Some of my thoughts on the matter:
- I'd say that when you're buying a cup of coffee, you're buying a set amount and thus aren't entitled to the overflow, simply because how could you be? Would they go get an extra glass to put it in? I don't drink coffee, so I may be missing part of this. If it's a "fill-line" situation and they just dump everything above the fill line, then I'd say my point still stands, that the customer isn't entitled to it, but that it's rather dumb of the company to just throw it away. It's better to act in a spirit of gratuitousness (to quote Pope Benedict).
- On the topic of seeing everybody's thoughts on the internet, I actually heard a brilliant observation recently. The trouble with the internet is that you get a taste of God's level of omnissance (in the sense that you're seeing well beyond yourself), but without anywhere near His Grace and Mercy (in how you perceive others), or Confidence and Understanding (in how you perceive frightening or disheartening news). In other words, it's an imbalanced power that makes us all a bit batty. This was already a problem with Mass Media itself, but the internet has absolutely supercharged it.

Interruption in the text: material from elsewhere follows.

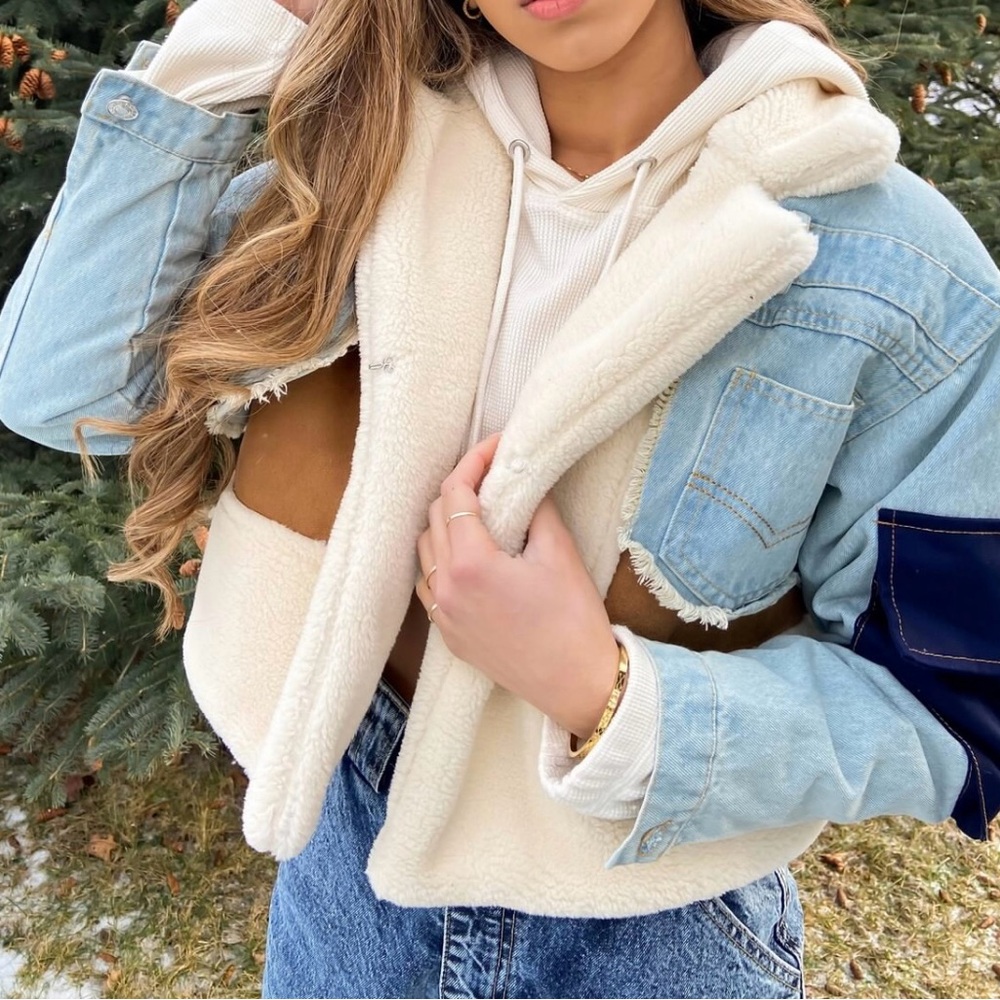 Lamb Denim Patchwork Coat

- In regards to internet behavior, I think this is largely just a result of anonymity. While it's often argued that it's a feature, not a bug, at the end of the day, when you have no direct consequences to your speech, you're more likely to just act like a jerk, especially in a medium that already reduces empathy and awareness. If everything you said on the internet was more readily tied back to you, there may be less vitriol. Although I guess Facebook and Nextdoor prove me wrong there. Although that may be more generational, since I think young adults people are more aware of how things you say on the internet can come back to bite you hard, even if your name's not attached to it.
There's also another side to the coin that you don't know who your audience is on the internet, and that everyone's speech is perceived as being equivalent when in fact there are imbalances at play. In the simplest case, dumb teenagers with terrible opinions can come across as being of any age, and thus influence the discourse more than they would in real life. In more nefarious cases, state actors can hire people to comment all over the internet (every Youtube video on a subject, every news article comment section, all over social media) to broadcast a message fast enough to make it seem like consensus, even when it's not, which has a strong impact on public opinion. There's simply an inherent danger there that runs against the idea of free speech but needs to still be mitigated against since the outcomes are so hazardous. I think it's evidence that absolute free speech is untenable if divorced from the concept of consequence and personalism, much in how a free market stops working if you let things become monopolies. In other words, there's a case for at least some regulation to prevent abuse which then leads to less useful speech over time.
- Finally, in regards to tenant agreements preventing similar businesses from opening up, I frankly think that's absolutely insane and should be illegal. It's pure anti-competitive nonsense full stop, and just allows bullying of towns and property owners by large businesses. While a building owner may not want to locate two similar shops in his plaza simply to maintain a stable business environment, the business itself should have no claim to that privilege. This is something that actually hit my town recently, after our Sam's Club closed, and Walmart (who was right up the road) put a building covenant on the space preventing it from having businesses in there that compete with Walmart. The end result was that the building sat vacant for years (since what do you even put into a building that size that isn't just another big box store?) until finally we had to settle for a Tesla dealership and self-storage place (the two best land uses, combined into one!). Behavior like this kills free markets, and is frankly ridiculous.